Another ray of hope is how Democrats and the media have chosen to attack the Trump administration's actions to forbid training using race and sex stereotypes and scapegoating in the federal government and by government contractors and grantees.  Democrats and their media allies have deliberately and repeatedly lied in describing these actions as banning diversity training.  As explained in a prior post, Trump's order states it:

 . . .  does not prevent agencies, the United States Uniformed Services, or contractors from promoting racial, cultural, or ethnic diversity or inclusiveness

Democrats and media are lying in their description because they are aware that most Americans, across the political spectrum, would agree that Trump's action banning training based on racial hatred, stereotypes and designed to be divisive, is justified.  They would find it shocking that such actions are needed 56 years after the passage of the Civil Rights Act.

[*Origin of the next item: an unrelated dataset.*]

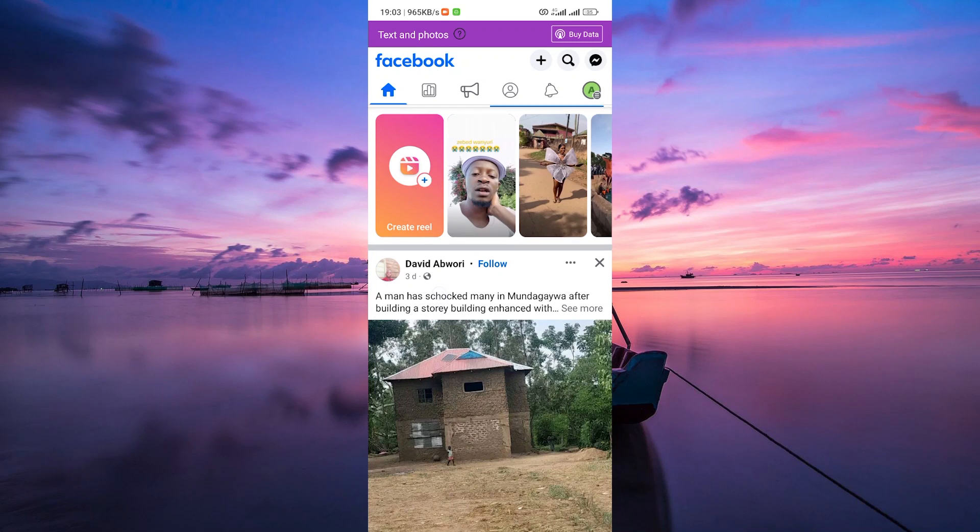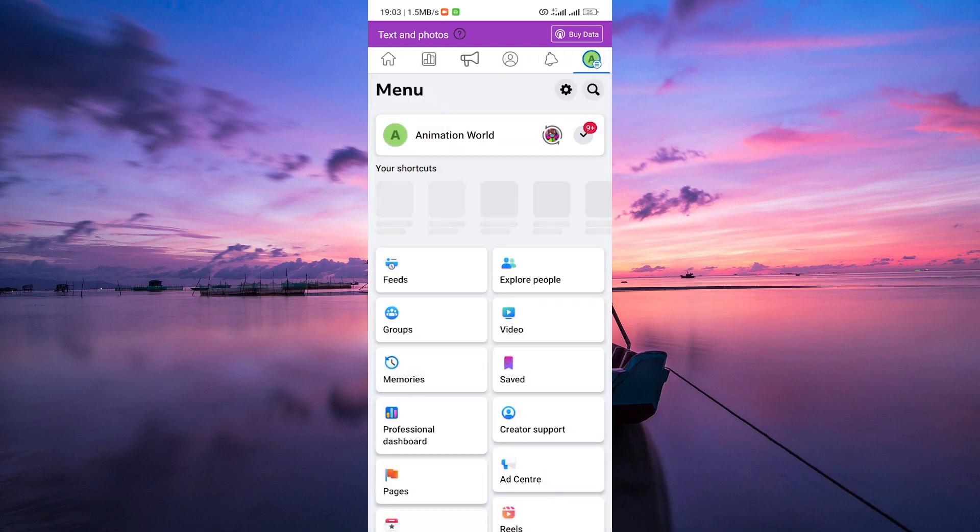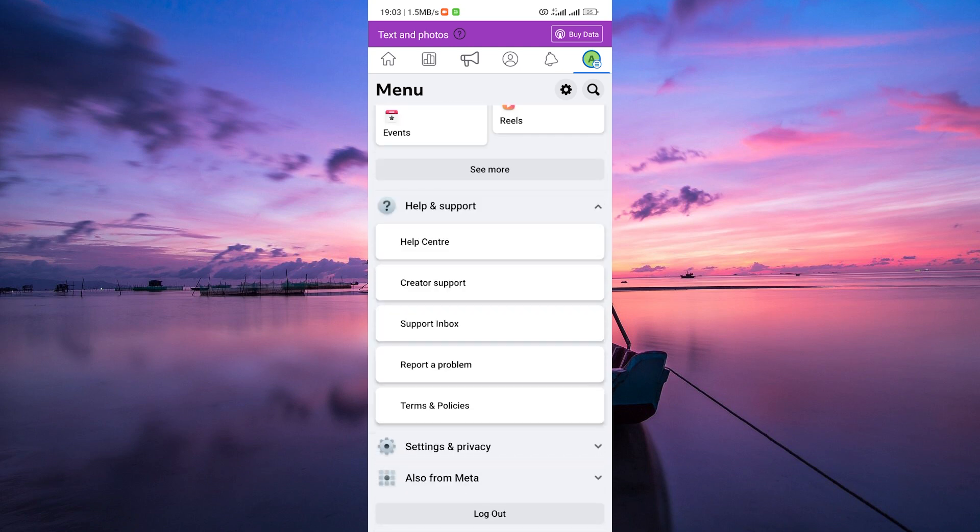Now let's get into it. To begin, log in to your Facebook account and navigate to the page you want to keep as the main page — the one you want to merge other pages into. Next, tap on the three horizontal lines or profile picture at the top right or bottom right corner. Here, scroll down and tap on Help & Support, then select Help Center.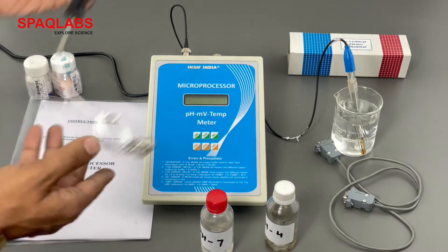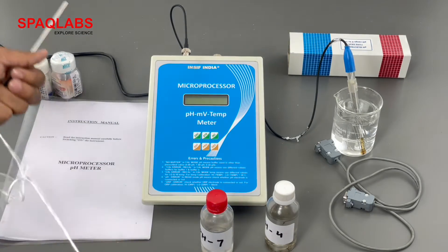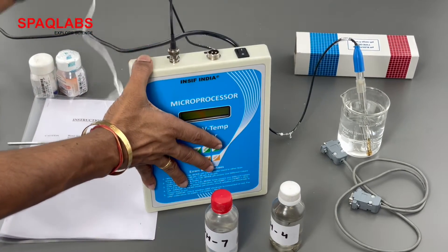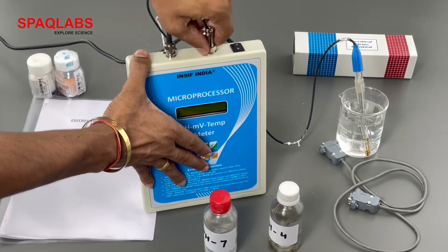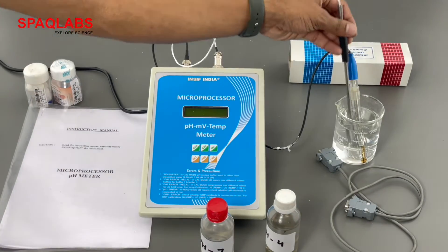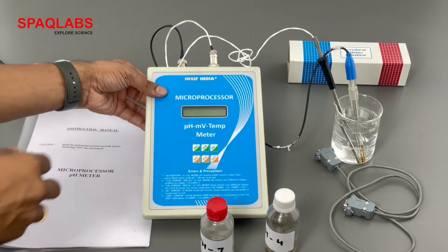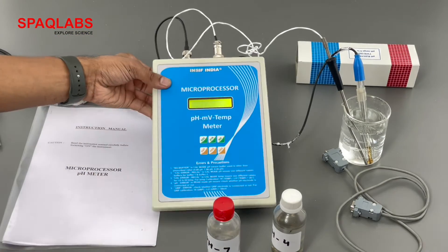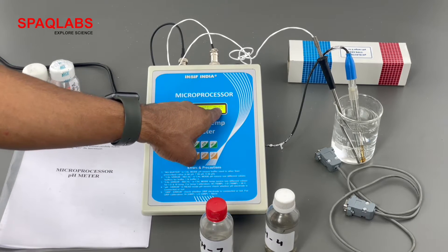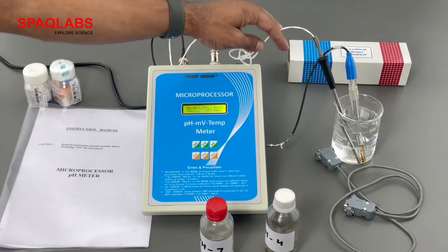Now we have this temperature probe. Connect this probe to the back side of the pH meter. Also connect the BNC to the back side of the meter. Now switch on the pH meter using the on-off switch. As you can see on the top right-hand side, 'auto' is displayed, which is for the temperature probe.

As to the Republicans, ask me in the middle of 2021, because it will take a few months before we get a glimpse as to whether the party can avoid the multiple pitfalls in its path, but the events of the past few weeks are not a good omen.

One further reflection helps me battle my increasing pessimism.  Growing up during the Cold War for the first 40 years of my life hovering in the background was the possibility of a nuclear war between the Soviet Union and the United States.  It was very difficult to see a path that could resolve matters short of ultimately some type of major conflict, whether planned or inadvertent.  I think anyone predicting in 1980 the tearing down of the Berlin Wall in 1989 and the peaceful dissolution of the Soviet Union two years later would have been thought out of their minds.  Yet it happened to the surprise of most of us.  A reminder of the limits of our ability to predict the future and the contingent factor of unexpected events and singular personalities.